Vivir en la historia
Lo que hoy se vive es más que un relato de ficción, que una narrativa propia de la imaginación literaria. Nuestros tiempos, nuestros personajes, nuestra realidad excede lo inimaginable; esta generación sin advertirlo está abonada en la historia, como en otras ocasiones; en 1994, el año trágico o en 2000, la esperanza, frustrada.
La crónica de estos tiempos es increíble. López Obrador es un personaje al margen de toda consideración realista de la condición humana; un caso singular como persona, político y presidente, por las peores razones. Su periplo por el poder es extraordinario, una crónica de portentosa perseverancia. No estuvo solo, muchos con él participaron e interiorizaron su mística, próxima a la del líder religioso no al del político y así logró ganar la presidencia. Pero, en el mayor de los desafíos fracasó, gobernar. La ilusión justiciera devino en el atentado gravísimo a la vida de las personas, a la democracia y a las libertades.
La perseverante virtud se transformó en infierno ya en el poder. Astucia sí; malicia y desconfianza sobradas; ambición para intentar trascender, también. Mucho odio y rencor. La falta de autocontención y de un entorno limitante le llevó a extremos impensables de abuso y exceso que le transforman en el personaje central de la tragedia nacional de nuestros días. Ignorancia, falta de escrúpulos y crueldad dan cuenta del daño a los más sensibles valores. Más de setecientos mil mexicanos fallecidos por la pésima gestión de la pandemia; un cuarto de millón de bajas fatales en asesinatos y desaparecidos por una política de seguridad recreada en la convicción de la buena condición humana del delincuente; la negación del deber y de proveer justicia, han llevado a la impunidad, de la mano de la complacencia y connivencia con el criminal.
Al personaje no solo le acompañó la mediocridad del estrecho círculo de sus colaboradores, también una élite incapaz de diferenciar sus miedos e intereses de sus compromisos con el país debido a su condición de privilegio. Son corresponsables por acción y omisión, por dejar hacer y pasar el autoritarismo presidencial y por su oprobiosa cobardía vuelta oportunismo vergonzoso.

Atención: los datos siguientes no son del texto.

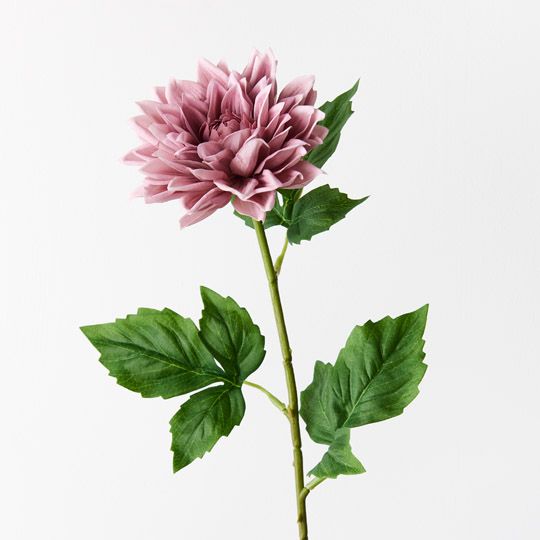 12 x Dahlia Dusty Pink 54cml (FI9422DP)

Todos son protagonistas en los acontecimientos y a todos responsabiliza. Incluso aquellos que debieron oponerse con acierto y determinación. No ocurrió así y en cierta medida corrobora aquello de que la calidad de un gobierno en buena parte se explica por la de quien se le opone. En esta jornada trágica de la nación, página luminosa la del Poder Judicial Federal y la SCJN, también, la del periodismo independiente. Libertad de expresión al acecho por el criminal y lastimada una y otra vez por la agresión del poderoso hombre del Palacio Nacional. Libertad arrinconada por el oportunismo de muchas empresas que la hacen posible. Jueces, periodistas y empresarios de medios valientes son pasaje generoso de nuestros aciagos días y permiso a la esperanza.
Las numerosas víctimas dan cuenta de la negligencia y los efectos de la fracasada ilusión justiciera del ungido. El personaje exige y suscribe con singular persistencia y ahínco la condición de víctima exclusiva. Solo hay espacio para él, solo el presidente es víctima y, también, según él, el más criticado de la historia por la perfidia de los medios y sus trabajadores al servicio de la causa de la ignominia. No hay espacio para las mujeres violentadas, para millones de mexicanos en el abandono por el colapso del sistema de salud, tampoco para las numerosas comunidades expuestas a la violencia del criminal, ni para los millones de niños y jóvenes a quienes se les niega un decoroso porvenir por el deterioro grave de la educación pública. Que nadie se atreva a disputar al presidente su lugar de víctima.
Se vive en la historia sin advertirlo porque los eventos son parte de la cotidianidad y se desencadenan con singular variedad y rapidez, sin idea de los hechos porque se cree que todo es transitorio, aunque todo persista. Sucesos y personajes no ofrecen perspectiva para entender nuestro devenir, para apreciarnos en el amplio horizonte de la historia. Se asume, con error, que el tiempo por sí mismo resolverá la vida y de nuestras culpas nos absolverá. Quizá el mayor pecado es ser parte de la escena trágica sin considerar nuestra parte en el acontecer, se trata de asumirse espectador a manera de eludir responsabilidad. Historia que no concluye el primer domingo de junio, tampoco el primero de octubre.